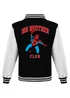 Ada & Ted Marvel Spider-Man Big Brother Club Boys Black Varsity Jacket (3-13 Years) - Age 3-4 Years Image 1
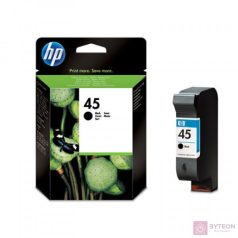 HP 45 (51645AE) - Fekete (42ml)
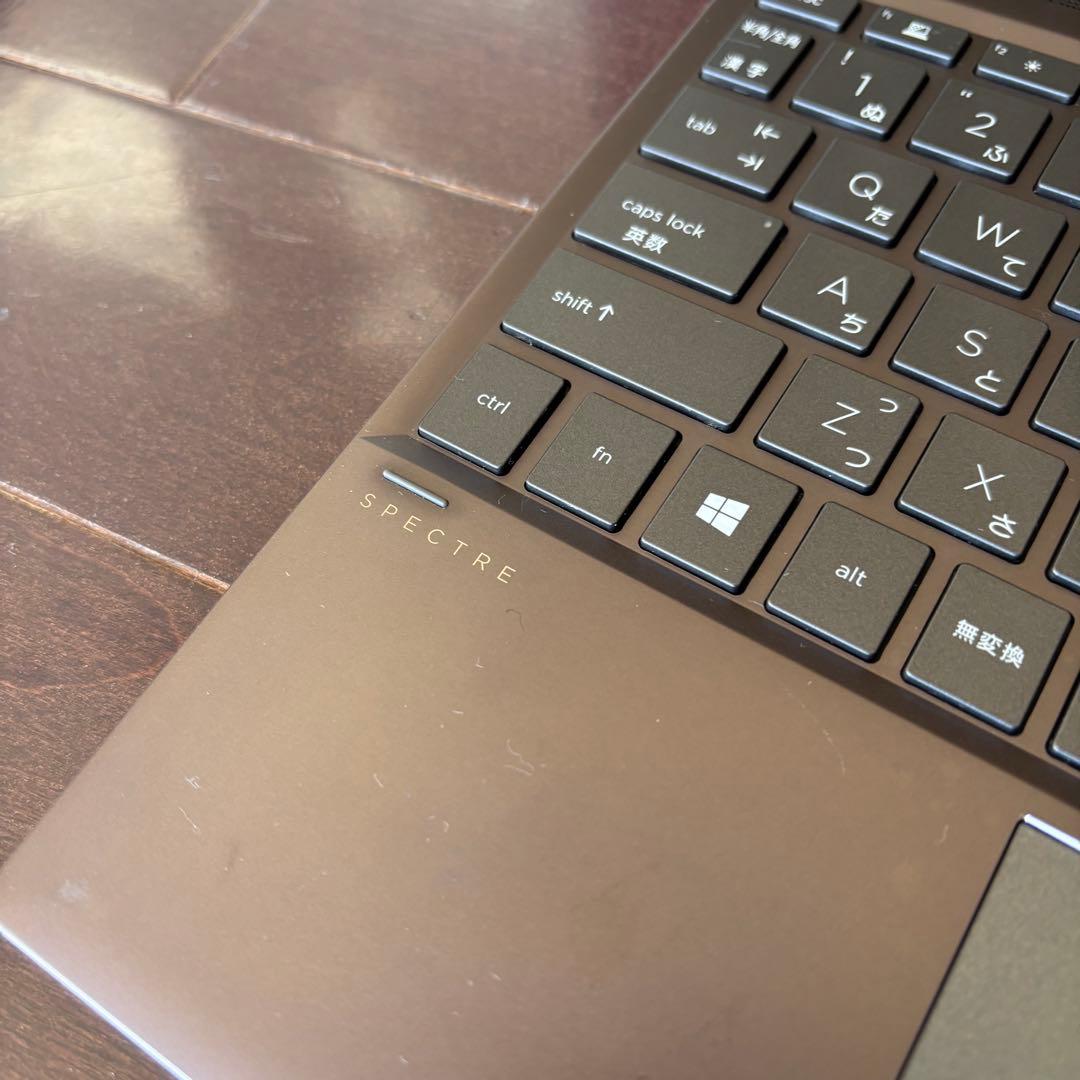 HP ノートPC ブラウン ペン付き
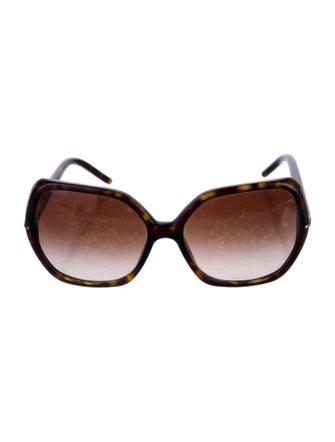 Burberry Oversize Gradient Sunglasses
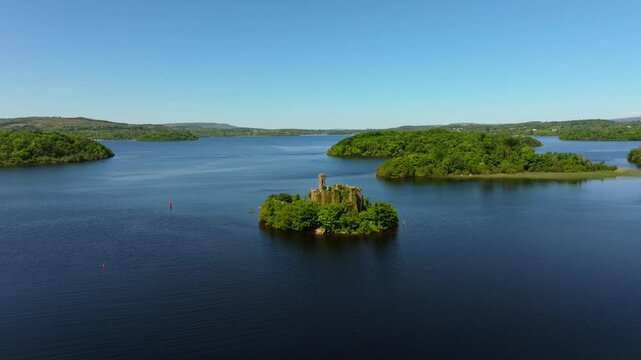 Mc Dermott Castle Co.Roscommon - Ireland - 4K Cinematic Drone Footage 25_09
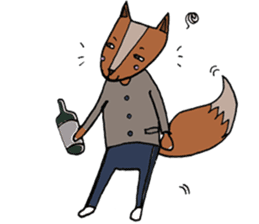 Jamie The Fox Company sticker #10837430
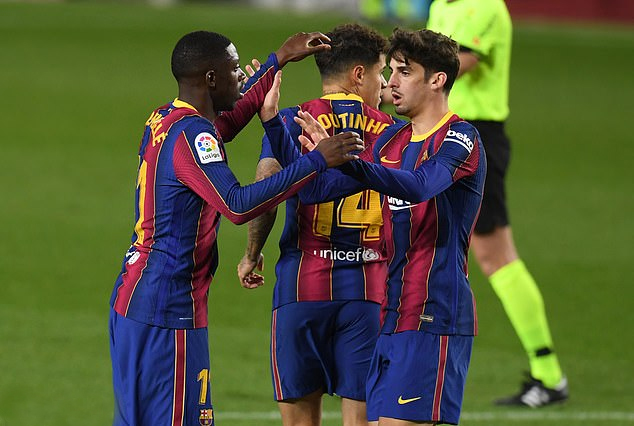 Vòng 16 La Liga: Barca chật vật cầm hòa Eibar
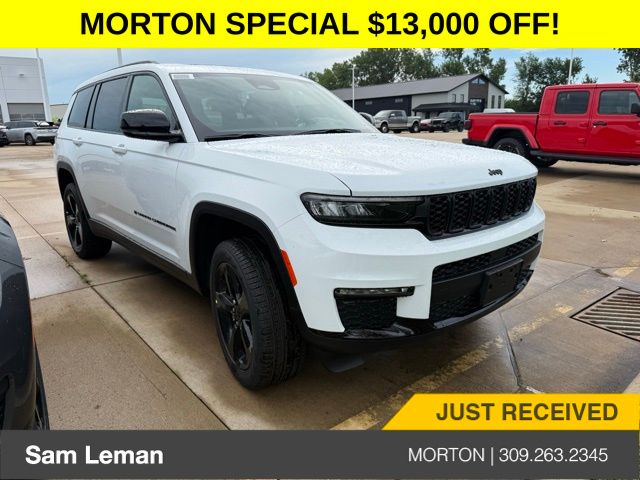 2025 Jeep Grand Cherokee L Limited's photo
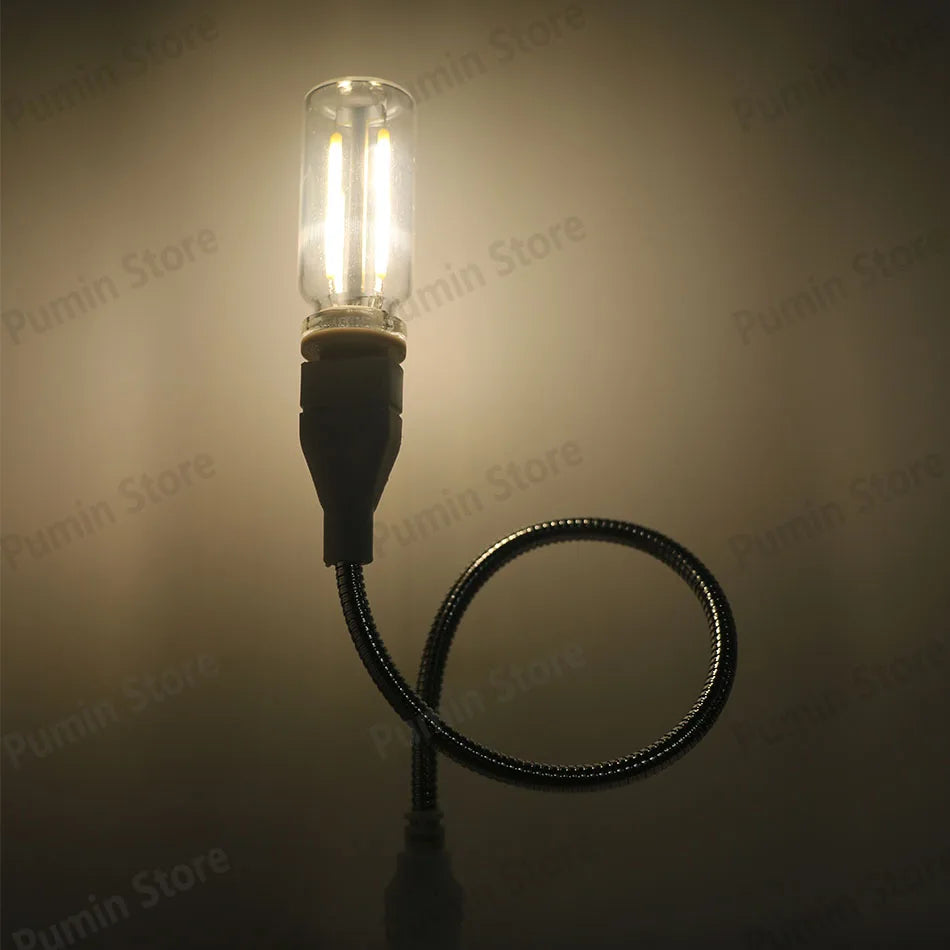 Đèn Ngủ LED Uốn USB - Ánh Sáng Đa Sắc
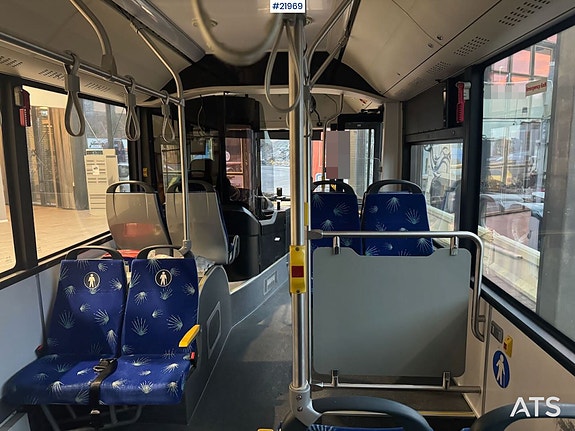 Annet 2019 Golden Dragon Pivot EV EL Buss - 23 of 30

→ **WHAT TO WORK ON**
Can you quote exactly, and only, the lines from the one containing "2025 Jeep Grand Cherokee L Limited's photo" through the last line of the records above, keeping both ends and leaving out any pictures?

→ **SOLUTION**
 2025 Jeep Grand Cherokee L Limited's photo
 Đèn Ngủ LED Uốn USB - Ánh Sáng Đa Sắc
 Annet 2019 Golden Dragon Pivot EV EL Buss - 23 of 30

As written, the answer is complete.